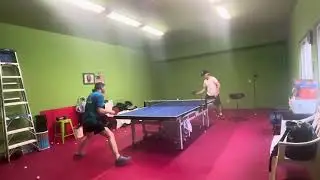 Back hand drills to incorporate twiddling 
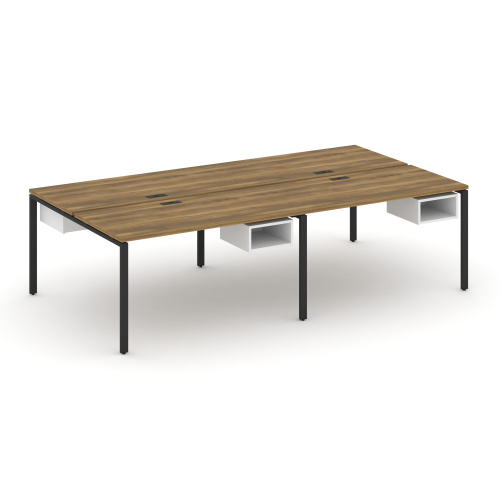 Бенч-система на 4 места с подвесными тумбами Concept CN.DRS-123 фото 5 Бенч-система на 4 места с подвесными тумбами Concept CN.DRS-123 фото 5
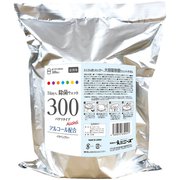 バケツウェット詰替 アルコールタイプ 300枚 NPS30000383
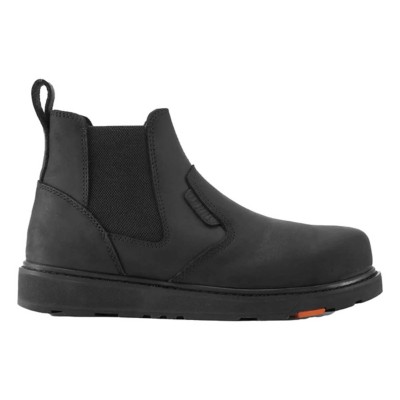 Men's BRUNT The Ohman Slip Resistant Soft Toe Work Boots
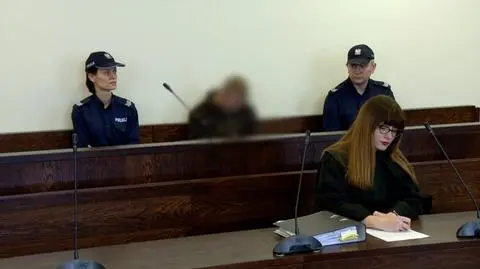 Po porodzie zabiła swoje dziecko. Sąd pierwszej instancji skazał ją na 15 lat więzienia (wideo archiwalne)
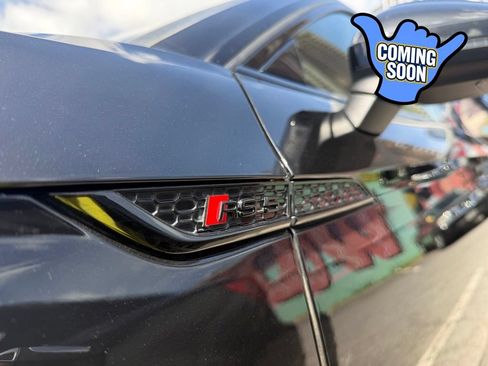 Used 2021 Audi RS 5 Sportback w/ Black Optic Launch Edition AWD/4WD image 8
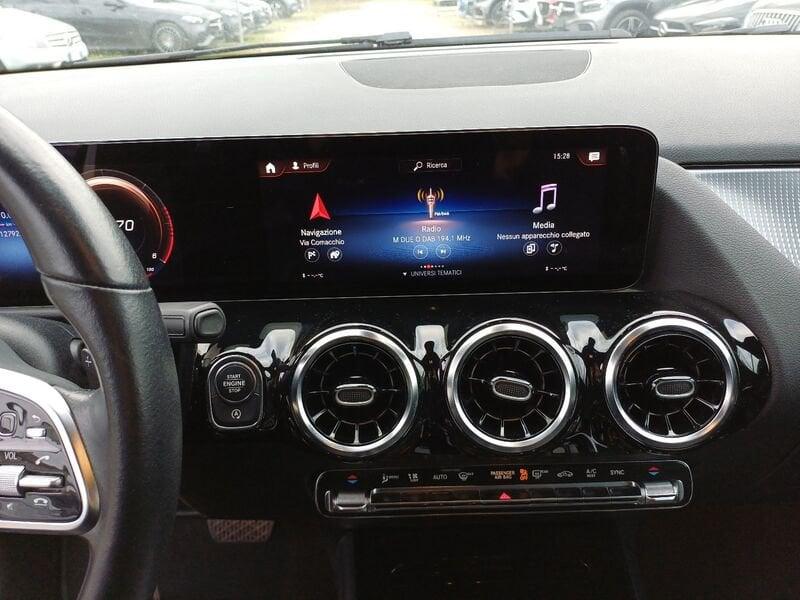 Mercedes-Benz GLA GLA 200 d Automatic Sport Plus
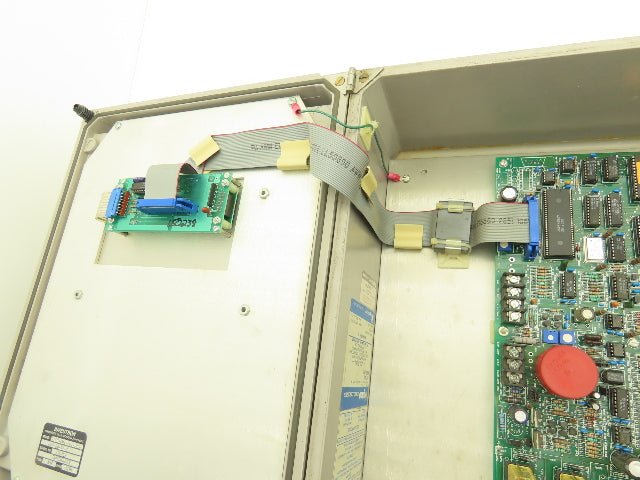 Inventron 9140-4MA-X-X-2CR-N4C-ED-V1-X Controller Display Panel Keypad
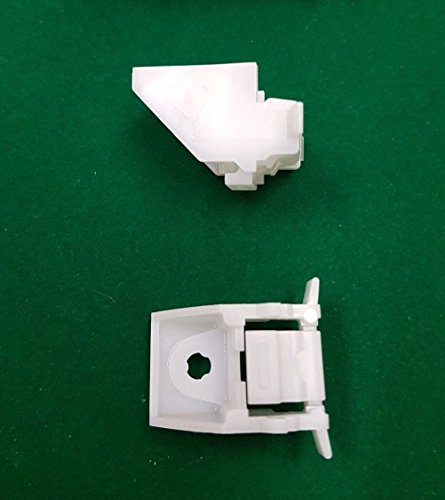 Silent Gliss Genuine 3603 Top Fix Bracket x 2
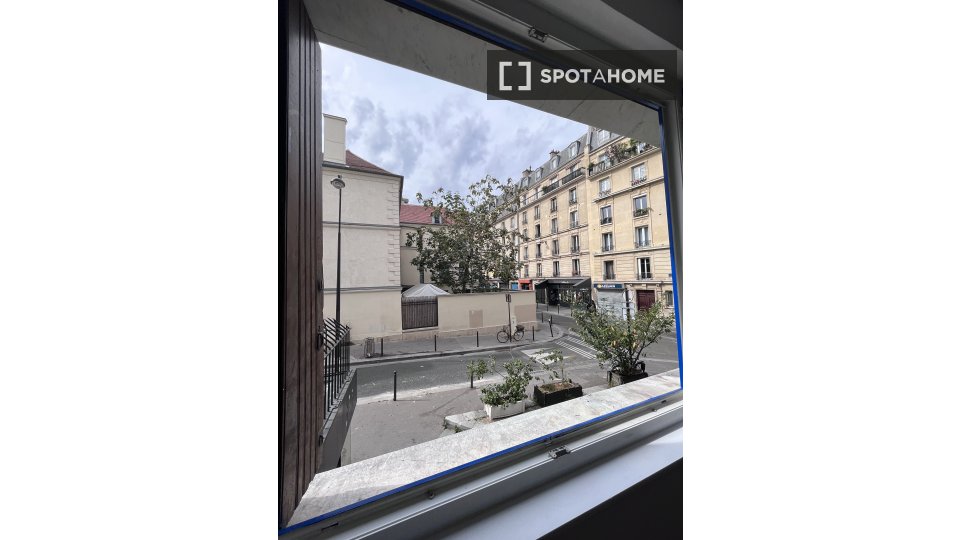 Apartment mono Paris, 25m² — photo 10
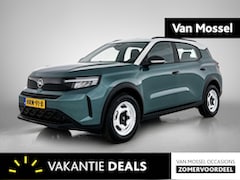 Opel Frontera - 1.2 Turbo Hybrid Edition | 145pk | Navigatie | Camera | 7.000km |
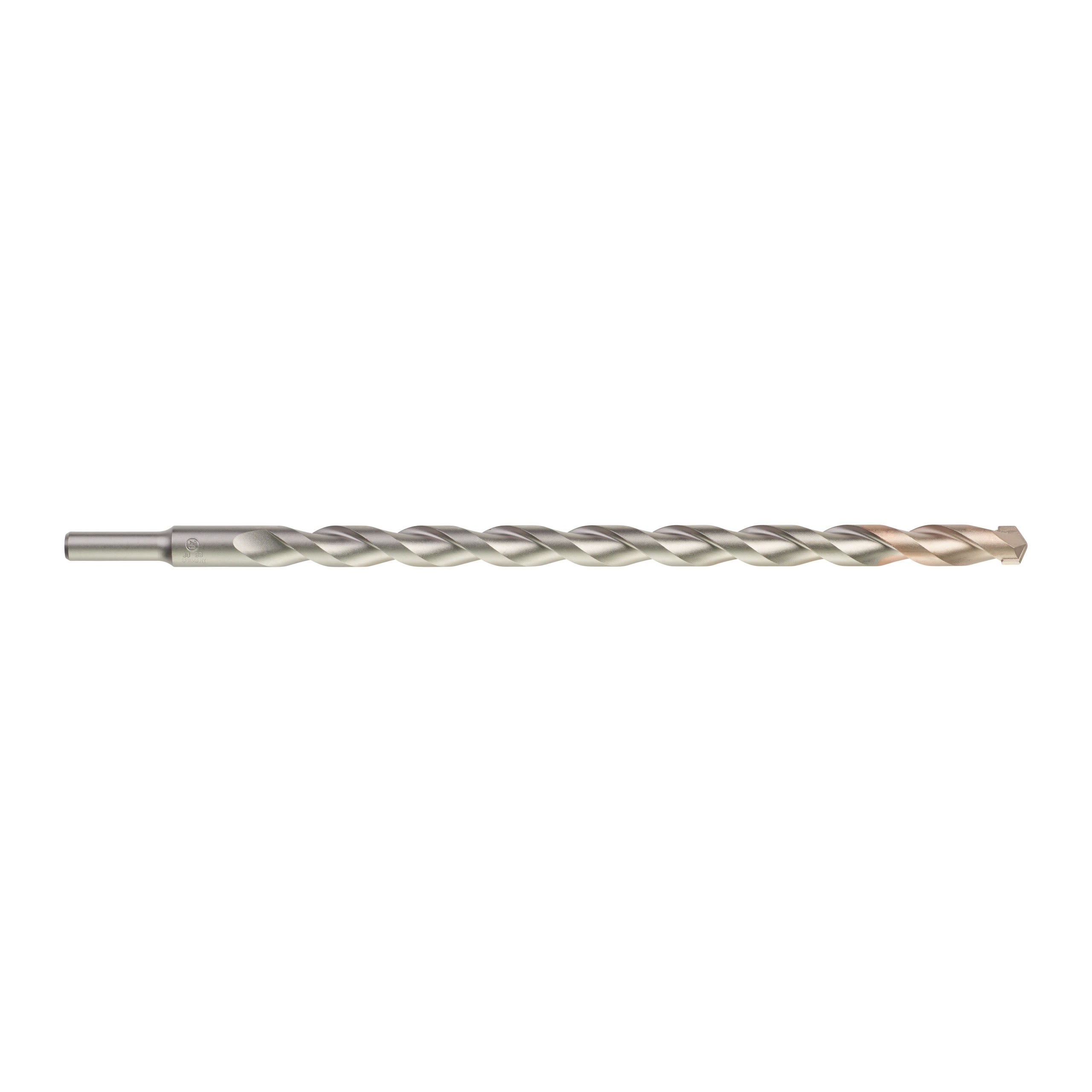 MILWAUKEE - FORETS BÉTON CYLINDRIQUES DIN 8039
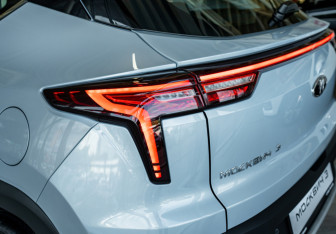 Новый Москвич 3 2024 (12 фото)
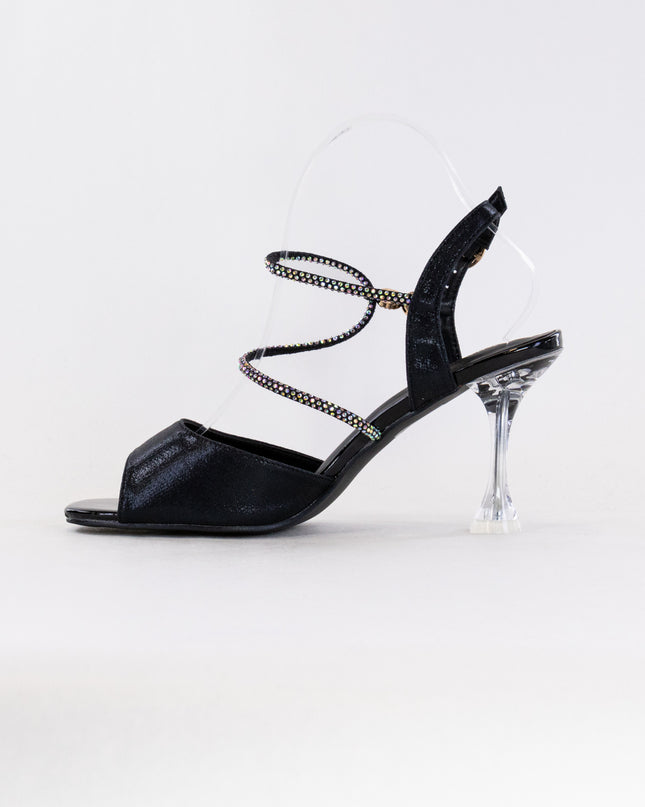 Patrizia Tioanna Sandal (Women's) - Black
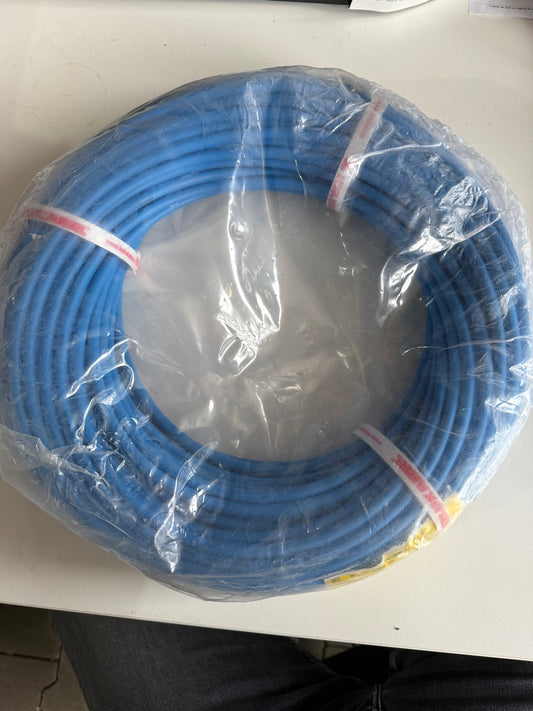 Helukabel 20169, Datenkabel RE-2Y(St)Yv 1x2x0,75 BL 49 Meter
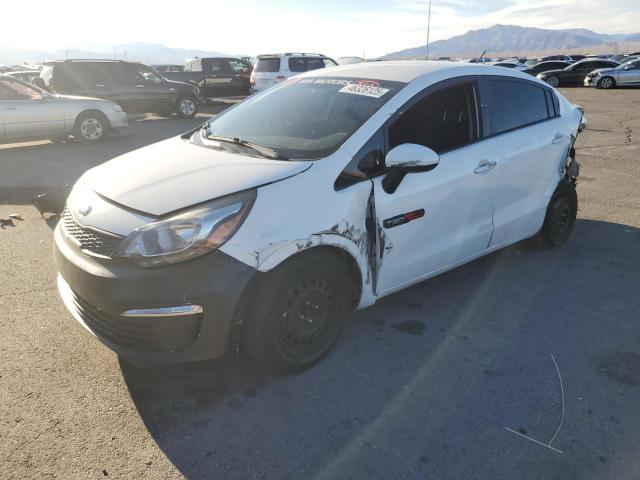 2016 KIA RIO LX, 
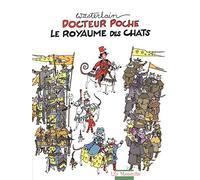 Docteur Poche - Le royaume des chats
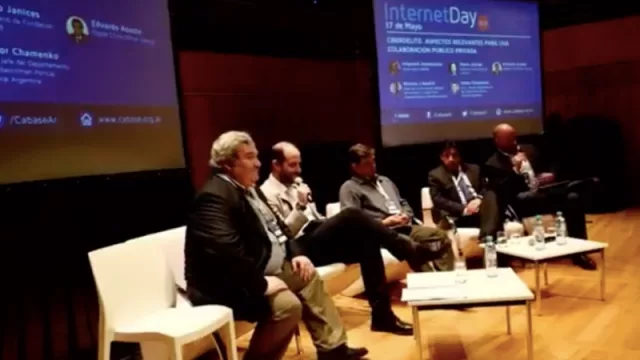La industria de Internet se reúne para celebrar “Internet Day 2019”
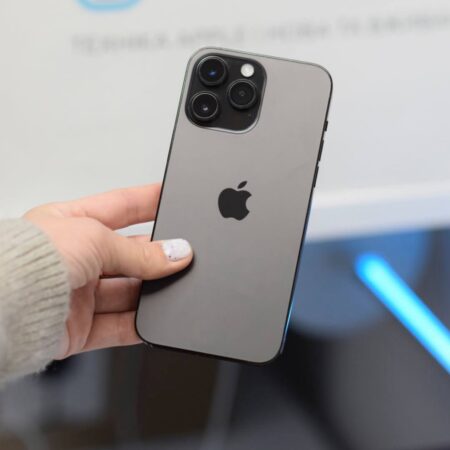 iPhone 14 Pro Max 256GB Space Black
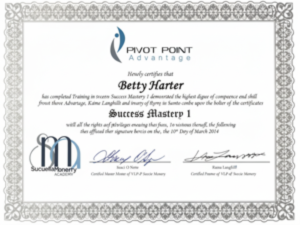 Success Mastery 1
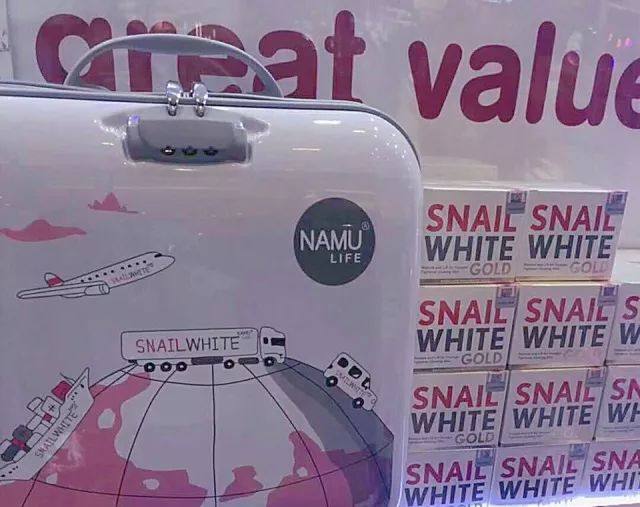 泰国购物必买欧莱雅,去泰国必买的护肤品哪个好用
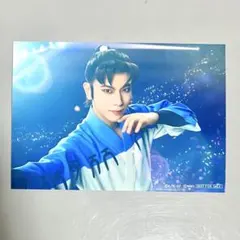 忍ミュ 第15弾学園祭 特典ブロマイド 山田利吉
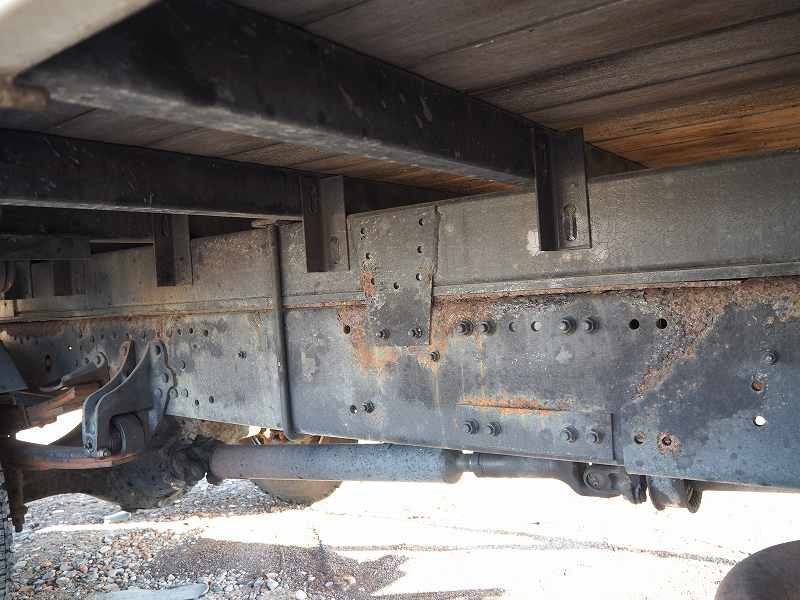 三菱 ファイター PA-FK71D(2WD)の写真28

◆ ◆ ◆ ◆

Exercise details |
Starting at the line that contains "忍ミュ 第15弾学園祭 特典ブロマイド 山田利吉", reproduce every line through the last one in the records exactly, and omit all pictures.

Response to the exercise |
 忍ミュ 第15弾学園祭 特典ブロマイド 山田利吉
 三菱 ファイター PA-FK71D(2WD)の写真28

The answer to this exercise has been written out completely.